Yup! I’m a big fan of contraception and options for women. That will probably start to bring the global population down slowly within about a hundred years. But we have less than thirty years to fix the climate problem.

Per-person carbon emissions in the developing world are <1 ton per year. For Europe, China, India its 5-10 tons per year. Which is bad enough. For the United States, it’s TWENTY TONS PER PERSON PER YEAR.

https://en.m.wikipedia.org/wiki/List_of_countries_by_carbon_...

That isn’t because we for some reason have worse power plants or worse ways of making steel. It’s because we eat too much; we drive too much, in cars that are too big; we use too much heat and air-conditioning, in houses that, in spite of what you keep saying, are the largest in the world, and getting bigger every decade (you can google this too). We fly too much, we buy too much, we use too much, we consume more than literally any other people on the planet, and if we don’t stop, we are going to kill everyone, ourselves included.
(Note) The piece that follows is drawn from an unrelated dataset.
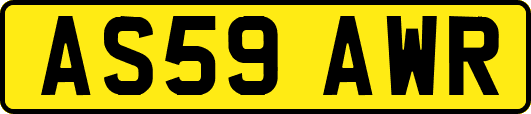 AS59AWR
To put this another way, if every American started living, not even like people in Kenya, but like people in France, that would take 3 gigatons off of global annual emissions. Holy shit.

1 comments

> You can google all the stats I provided

Did, and did not find what you suggested. I did find a 300 dollar figure which just reflects cost, not the number of toys.

> For the United States, it’s TWENTY TONS PER PERSON PER YEAR

As I said: everyone has a higher carbon footprint in the West, mainly owing to infrastructure and industry. The combined consumer spending choices are not what is leading to the extra tonnage.

Here's the breakdown straight from the EPA: https://www.epa.gov/ghgemissions/sources-greenhouse-gas-emis...

Industry. Electricity. Transportation. Agriculture. Commercial and Residential COMBINED are just 13%.

Americans are not consuming so much more than Europeans as to generate 10 extra tons of carbon. The average spending reflects it: https://en.wikipedia.org/wiki/List_of_countries_by_household... . Not to mention this doesn't take into account prices, and digital service & goods consumption.

I hope that clears any doubts.

> That isn’t because we for some reason have worse power plants or worse ways of making steel.

The suburban experiment is a North American one, and America is absolutely huge. Infrastructure is vastly more expensive to maintain in NA, and yes there are inefficiencies everywhere. Simply living, having access to water, electricity and food, creates more emissions in America based on location.

Suburbs are money-losers and subsidized by city-centers, despite the taxes on residents there. Sprawled cities are way more wasteful than dense cities, and America is a nation of sprawled cities.

Ultimately, you're dwelling on a red herring. I addressed the primary issue already. Sustainability matters because of scale. If the population were actually stagnant, a) consumption would not lead to increased emissions anywhere, b) we'd actually address the problem. Bullying consumers does not. It's just a race to the bottom.

Sustainability matters because of scaling.